Solving 8log27 and log3x2 = log481/2 without a Calculator

[musicfairy]

Here's 2 I couldn't get.

8^log₂7

log₃x² = log₄8^1/2
Solve for x

For the first one I thought I should solve what's in the exponent first and then solve 8 to that power, but I can't figure out what to do with the exponent.

I'm even more clueless on the second one/ The bases are different, and I can't out what to do with the x² and 8^1/2

Can someone please explain this to me? What properties should I use to solve these problems?

I'm supposed to do these without a calculator, and that's what I'm trying to do.

 

[tiny-tim]

Hi musicfairy!

Romeo and Juliet, Act IV, Scene 4, line 19:

I have a head, sir, that will find out logs​

8^log₂7

Hint: 8 = 2³, and (a^b)^c = … ?

log₃x² = log₄8^1/2
Solve for x

Hint: log₄8 = … ?

 

[musicfairy]

Hi.

So I tried to follow the hints you gave me and came up with these. I might have made a few new properties..

8^log₂7 = 2^3log₂7
So 2 and log₂ kill each other and kill each other and I end up with 21.

For the second one I got

log₄8^1/2 = log₄(2/3)

log₄(3/2) / log₄ 1 = 3/2

2log₃x = 3/2

lnx/ln3 = 3/4

x/3 = e^3/4
x = 3e^3/4

This problem is tricky...

 

[tiny-tim]

Hi musicfairy!

8^log₂7 = 2^3log₂7
So 2 and log₂ kill each other and kill each other and I end up with 21.

Goodness … you musicfairies are violent!

"kill each other"?

Hint: 2^3log₂7 = (2^log₂7)³ = … ?

For the second one I got

log₄8^1/2 = log₄(2/3)

log₄(3/2) / log₄ 1 = 3/2

2log₃x = 3/2

lnx/ln3 = 3/4

x/3 = e^3/4
x = 3e^3/4

Not following any of that

For example, log₄1 = 0, isn't it?

Answer my original question: log₄8 = … ?

 

[musicfairy]

Well, cancel is a better word. I was only quoting someone from class.

2^3log₂7 would equal 7³?

log₄8= 3/2

 

[tiny-tim]

good fairy!

2^3log₂7 would equal 7³?

log₄8= 3/2

Woohoo! ​

And so log₄8^1/2 = … ?

 

[HallsofIvy]

Hi.

So I tried to follow the hints you gave me and came up with these. I might have made a few new properties..

8^log₂7 = 2^3log₂7So 2 and log₂ kill each other and kill each other and I end up with 21.
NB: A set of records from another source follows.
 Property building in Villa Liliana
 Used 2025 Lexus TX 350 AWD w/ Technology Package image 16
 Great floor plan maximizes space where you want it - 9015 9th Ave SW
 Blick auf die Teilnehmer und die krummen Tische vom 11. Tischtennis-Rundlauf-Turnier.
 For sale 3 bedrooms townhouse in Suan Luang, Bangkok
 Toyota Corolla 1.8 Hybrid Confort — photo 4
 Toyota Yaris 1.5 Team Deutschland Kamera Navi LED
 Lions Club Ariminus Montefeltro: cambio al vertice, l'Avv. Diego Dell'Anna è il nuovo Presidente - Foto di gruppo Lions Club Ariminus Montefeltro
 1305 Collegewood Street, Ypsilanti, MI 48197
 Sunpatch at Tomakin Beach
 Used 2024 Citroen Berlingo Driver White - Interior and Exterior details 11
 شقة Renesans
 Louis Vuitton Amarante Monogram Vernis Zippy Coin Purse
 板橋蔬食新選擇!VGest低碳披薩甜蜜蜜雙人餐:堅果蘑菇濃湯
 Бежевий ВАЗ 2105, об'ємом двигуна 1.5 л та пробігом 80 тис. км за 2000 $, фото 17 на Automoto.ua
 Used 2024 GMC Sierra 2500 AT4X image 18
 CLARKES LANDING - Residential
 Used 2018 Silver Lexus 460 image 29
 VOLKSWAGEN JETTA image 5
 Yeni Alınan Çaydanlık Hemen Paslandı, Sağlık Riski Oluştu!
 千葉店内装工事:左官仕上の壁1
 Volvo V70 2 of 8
No, you are correct that the exponential and logarithm with base 2, because they are inverse functions, "kill each other" but you are handling the exponent incorrectly.
$$8^{log_2(7)}= (2^3)^{log_2(7)}= 2^{3log_2(7)}$$
But that is NOT 3*7. 3 log₂(7)= log₂(7³).
$$2^{3 log_2(7)}= 2^{log_2(7^3)}$$
Now, what is that?

For the second one I got

log₄8^1/2 = log₄(2/3)

Since 8= 2³ and 2= 4^1/2, it is true that 8= 4^3/2 but htat means 8^1/2= 4^(3/2)(1/2)= 4^3/4. And now, log₄(8^1/2= log₄(4^3/4)= 3/4.

log₄(3/2) / log₄ 1 = 3/2

? log₄ 1= 0. log to any base of 1= 0 because a⁰= 1 for any positive number a- and you can't divide by 0. It is certainly NOT true that log(a)/log(b)= a/b !

2log₃x = 3/2

lnx/ln3 = 3/4

x/3 = e^3/4x = 3e^3/4

This problem is tricky...

Is this a different problem now? Are you thinking that e^{ln a/ln b}= a/b? That is definitely not true! It is far easier to use the basic definition of logarithm: If y= log_a(x), then x= a^y. If log₃(x)= 3/4, then x= what?

 

[musicfairy]

Trying to follow your instructions...

log₃x² = 3/4
x² = 3^3/4
x = 3^3/8

Is it right now?

 

[tiny-tim]

x = 3^3/8

Is it right now?

Your fairy logfather says … yes!

 

[musicfairy]

Thanks for all the help and words of wisdom. Now I'll go review log properties.